Exercise brief :: Lines in the listing below that include the word "with" need to be copied.

Raw data ::

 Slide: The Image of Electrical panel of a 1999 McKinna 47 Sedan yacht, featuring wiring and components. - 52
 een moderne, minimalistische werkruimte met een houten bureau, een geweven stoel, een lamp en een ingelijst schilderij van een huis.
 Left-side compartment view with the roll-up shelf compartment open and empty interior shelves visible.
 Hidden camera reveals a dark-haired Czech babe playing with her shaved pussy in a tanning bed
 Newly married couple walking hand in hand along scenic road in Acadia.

==

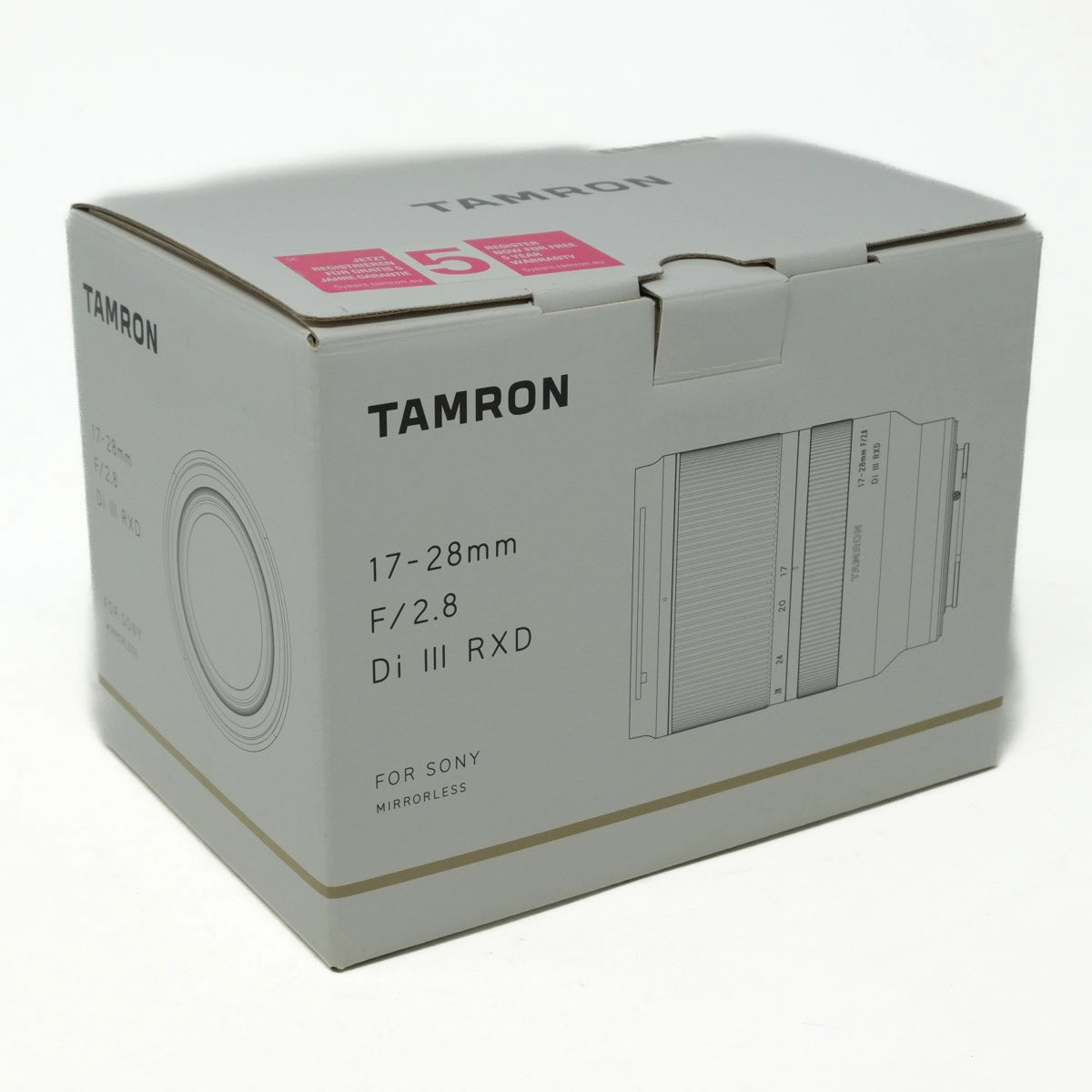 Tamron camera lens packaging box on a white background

Worked solution ::
 Left-side compartment view with the roll-up shelf compartment open and empty interior shelves visible.
 Hidden camera reveals a dark-haired Czech babe playing with her shaved pussy in a tanning bed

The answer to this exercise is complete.